Tesla released its Q2 earnings earlier this week and exceeded analysts’ expectations despite COVID-related closures at its Shanghai production facility. However, the quarter marked the end of Tesla’s record revenue reporting. Revenue was $16.9 billion, falling from $18.76 billion in Q1. Earnings per share were $2.27, and the EV maker delivered 254,695 vehicles.

“Though we faced certain challenges, including limited production and shutdowns in Shanghai for the majority of the quarter, we achieved an operating margin among the highest in the industry of 14.6%, positive free cash flow of $621M and ended the quarter with the highest vehicle production month in our history,” the company said in a statement.

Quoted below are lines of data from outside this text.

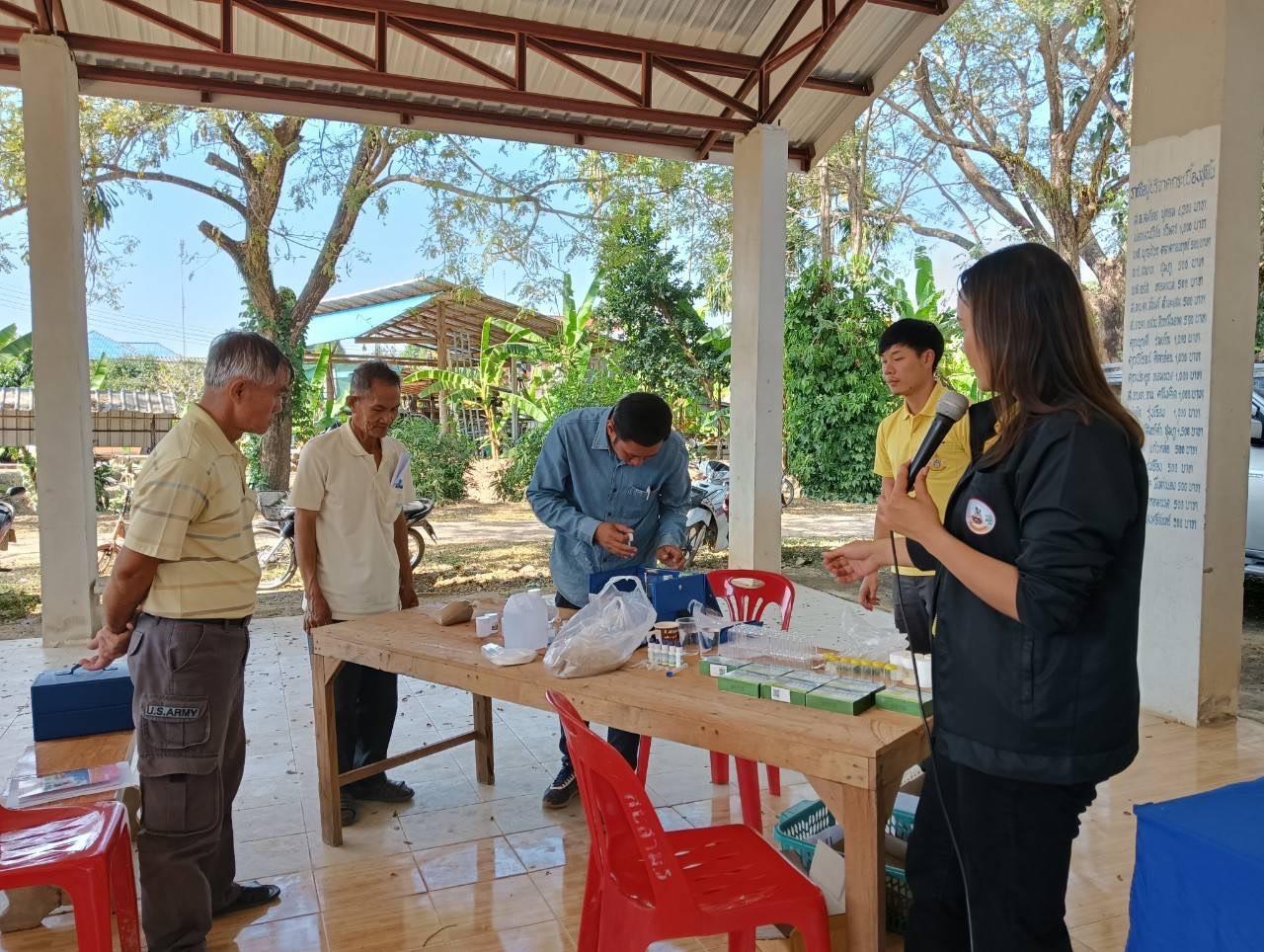 ภาพประกอบที่ 4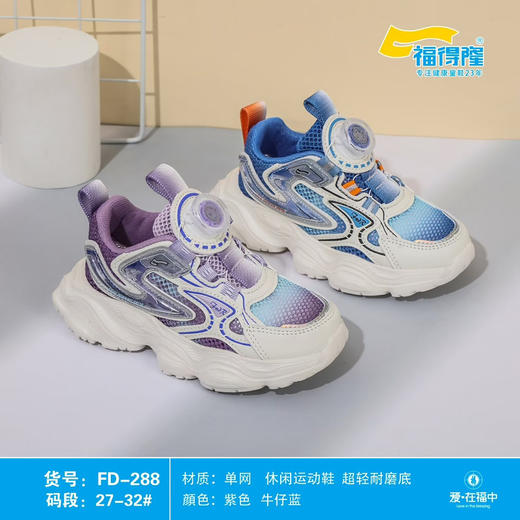 福得隆 D288 单网 27-32纽扣 商品图1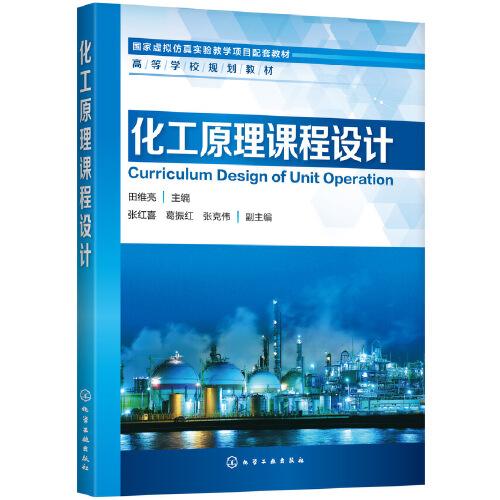 化工原理課程設(shè)計(jì)（田維亮）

Tesla still anticipates a 50% annual rise in vehicle deliveries. The COVID lockdowns in China, which shut down Tesla’s Shanghai facility, are to blame for the decline in both production and delivery. The facility frequently operated with fewer employees than usual when it was open.

However, Tesla said that June was the company’s busiest month for vehicle manufacturing. That indicates that work at Tesla’s Berlin and Austin facilities is continuing to ramp up, while the Shanghai plant is working on getting back to total capacity, according to Mark Delaney of Goldman Sachs.

Dan Ives, a Wedbush analyst, notes that Tesla seems to be on schedule to produce 1.4 million units in 2022.

Additionally, the company says it sold 75% of its bitcoin holdings, adding $936 million in cash to its balance sheet.